→ WHAT THE TASK ASKS
Start at the line below containing "Ein helles Dachkinderzimmer" and stop at the line containing "Quilted 3 seater sofa with two cushions". Repeat every line of that stretch exactly, and nothing outside it.

→ DATA SHOWN
───

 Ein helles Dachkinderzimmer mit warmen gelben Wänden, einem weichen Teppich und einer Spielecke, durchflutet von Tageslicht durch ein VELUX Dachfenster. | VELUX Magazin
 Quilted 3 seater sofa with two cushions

───

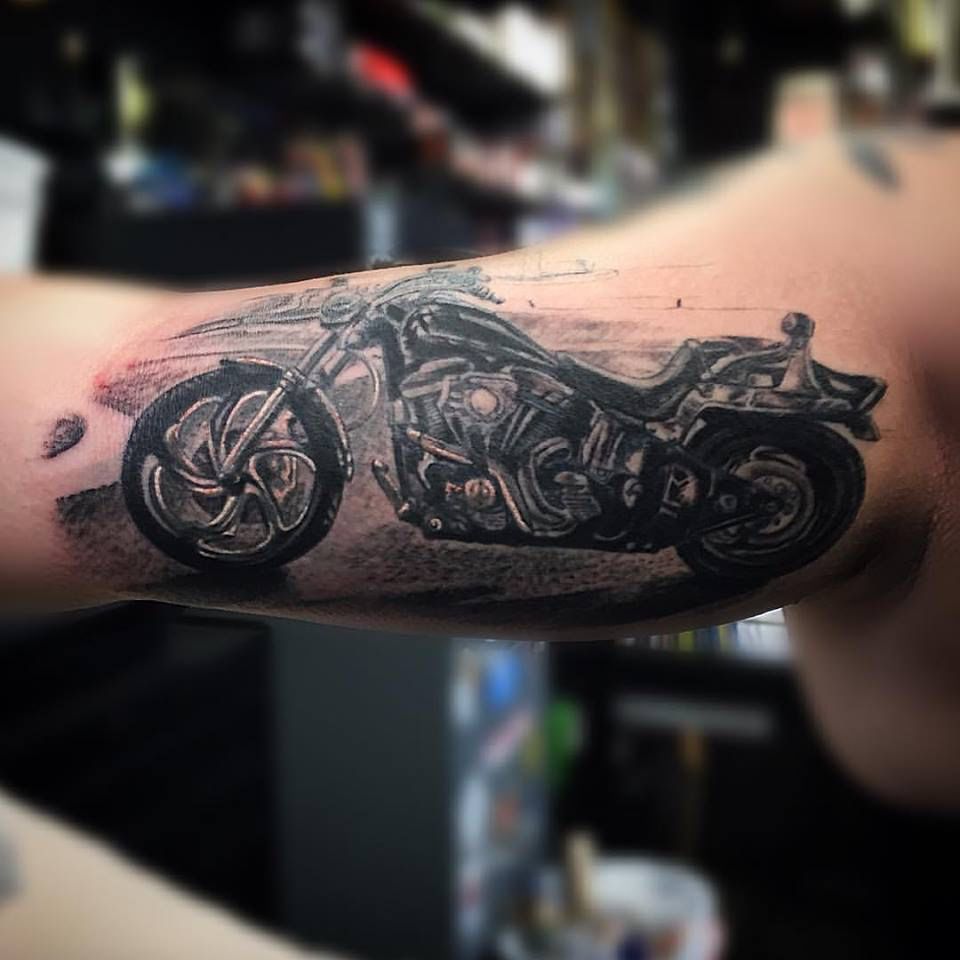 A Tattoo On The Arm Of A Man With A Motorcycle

───

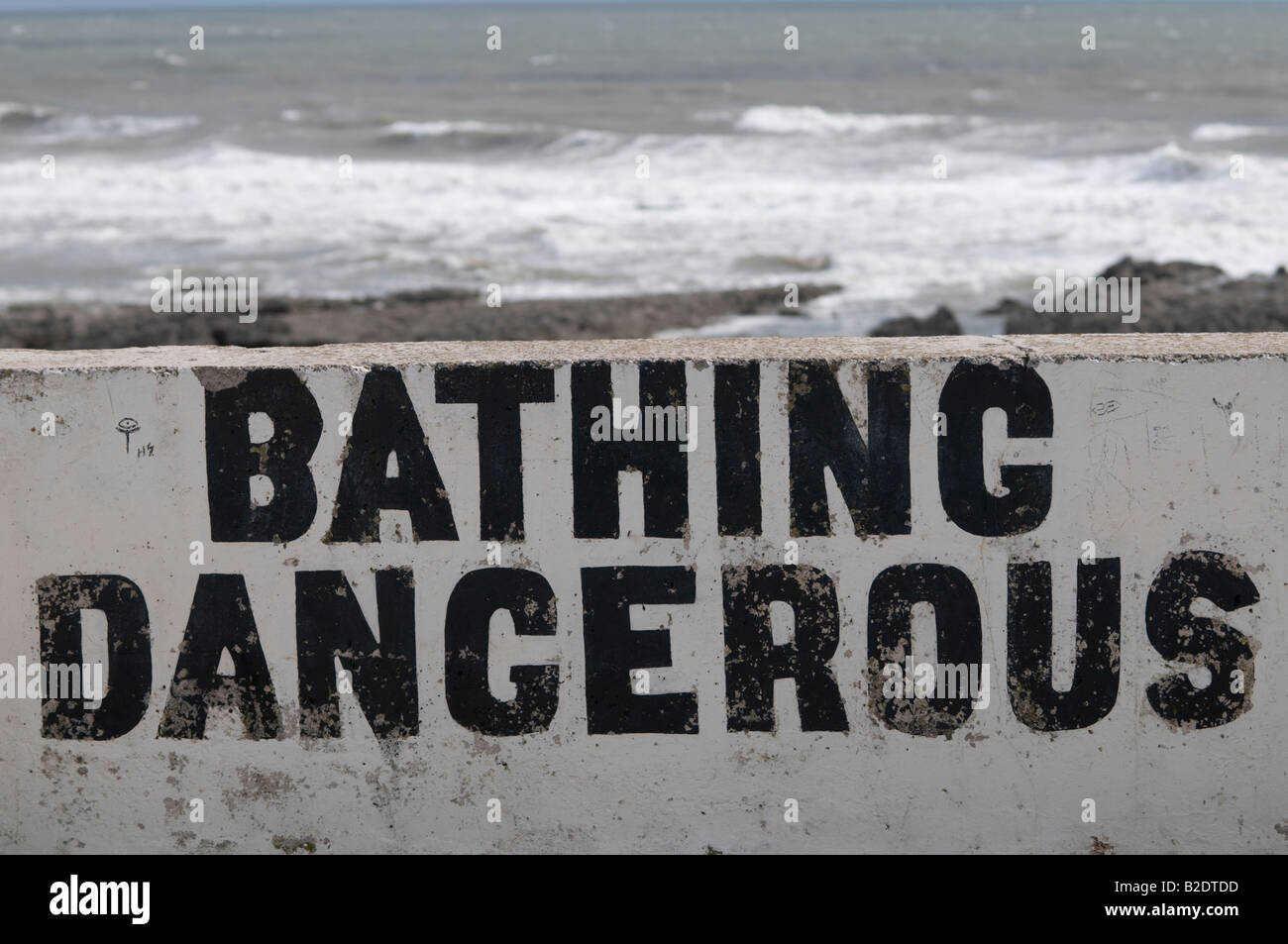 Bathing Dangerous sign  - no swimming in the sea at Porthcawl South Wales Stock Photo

───

→ ANSWER BOX
 Ein helles Dachkinderzimmer mit warmen gelben Wänden, einem weichen Teppich und einer Spielecke, durchflutet von Tageslicht durch ein VELUX Dachfenster. | VELUX Magazin
 Quilted 3 seater sofa with two cushions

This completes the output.